In the event of the borrower defaulting on their loan repayments, the lender will seek to recover the full amount outstanding from the borrower.

Any monies received by the lender under the CBILS Guarantee does not reduce the borrower’s liability in any way.

  • It is worth noting that RRLF will not take any personal guarantees.


6) How do I apply for a grant alongside my loan?

The Resilience and Recovery Loan Fund continues to be a loan programme and applicants must apply for a loan and may be approved for a loan without any grant award alongside it.

Grants will only be awarded alongside a loan if it is clear that the COVID-19 interruption to their business model means that they would struggle to meet a viability threshold for a loan without the grant. In this sense, the grant enables use of the loan fund – it is hoped that this will widen the reach and accessibility of the fund.
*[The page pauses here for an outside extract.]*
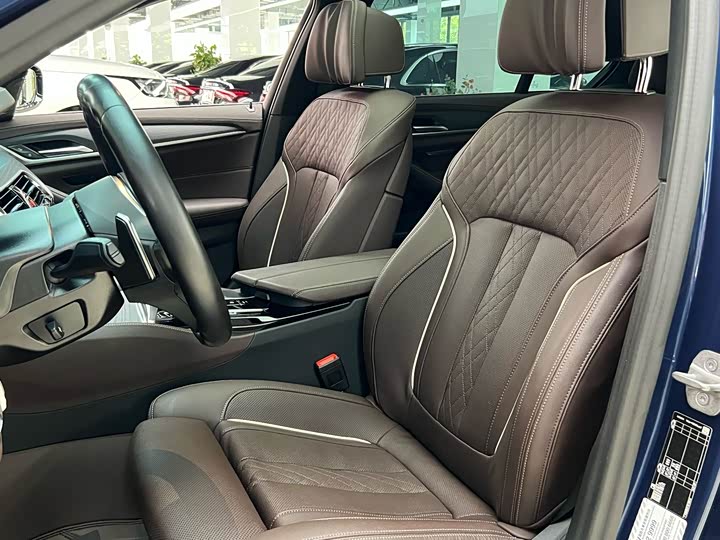 Фото 8 - BMW 5 Series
Assessed on a case by case basis alongside the loan, grants that are awarded will range in size from £40k - £300k and can be 20% to 40% of the loan amount.

During the assessment stage additional information may be requested to complete a grant assessment alongside the loan assessment.
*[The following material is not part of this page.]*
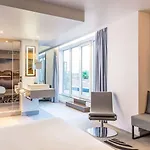 Novotel Centre
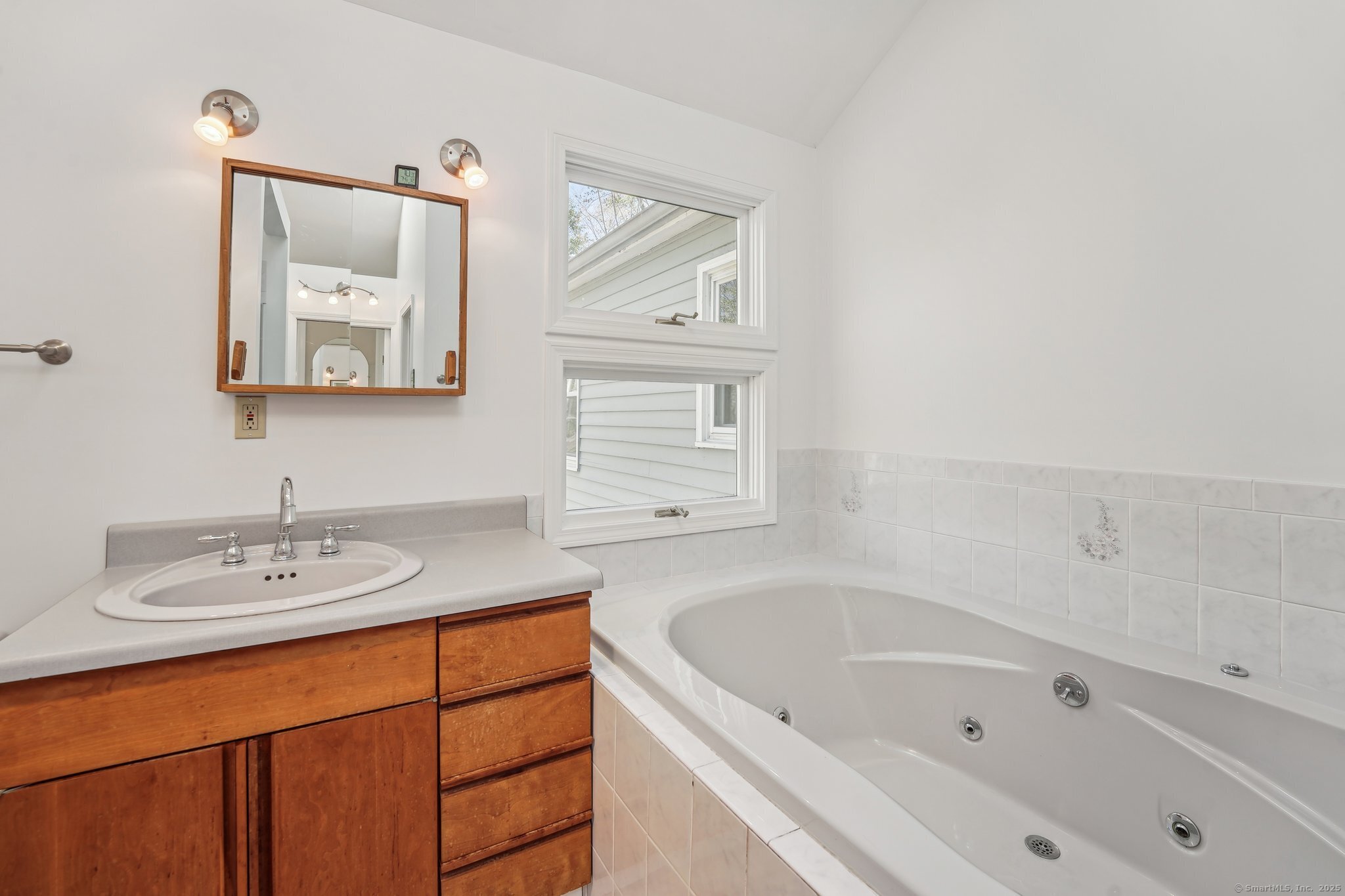 504 Northwood, Guilford, Connecticut 06437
What does this mean for you?

Your application must be for a loan and must meet the eligibility criteria. To receive part of the total sum as a grant, it has to be clear that the interruption to your business model and income because of COVID-19 means that you would struggle to take a loan without a grant element.

For example, you might need £140,000 and want to apply to the loan fund, but you're worried that the loan might be too much of a commitment due to the impact COVID-19 has had on your business/charity. You might be eligible for having part of this as a grant instead (up to 40% of the loan amount), so you would only need to repay £100,000. This could make the loan more viable for you. Our experienced social investor partners mentioned above will be able to help you think about what is right for you and your organisation.

7) How to apply



You can find our Fund Guidelines along with more detailed question guidance - available to download at the bottom of this page under 'Attached Files'.

If at any point during the process your application is unsuccessful we will do our best to provide feedback and signpost you onto other sources of support.


Apply here


Frequently Asked Questions

1. What should I do if I cannot find a relevant category of primary beneficiaries in the list provided?

This category will not hold any weight when the application is assessed. Pick the most relevant from the options. It is important that there is some impact on people, whether direct or indirect.

3) What is the penalty if we cannot fully repay at the end of year 3?           

The responsibility for repayment of the loan rests entirely with the borrowing entity, and will be detailed in the loan facility document that you will sign if you are offered and choose to accept a loan from the fund. In the event of financial difficulties, where possible, SIB will look to work with the borrower to identify an acceptable action plan around loan repayment.

4) Can the loan size be increased after funds have been disbursed?            

No. When the loan facility documentation has been signed and accepted and the funds drawn down, it is not possible to renegotiate the loan amount.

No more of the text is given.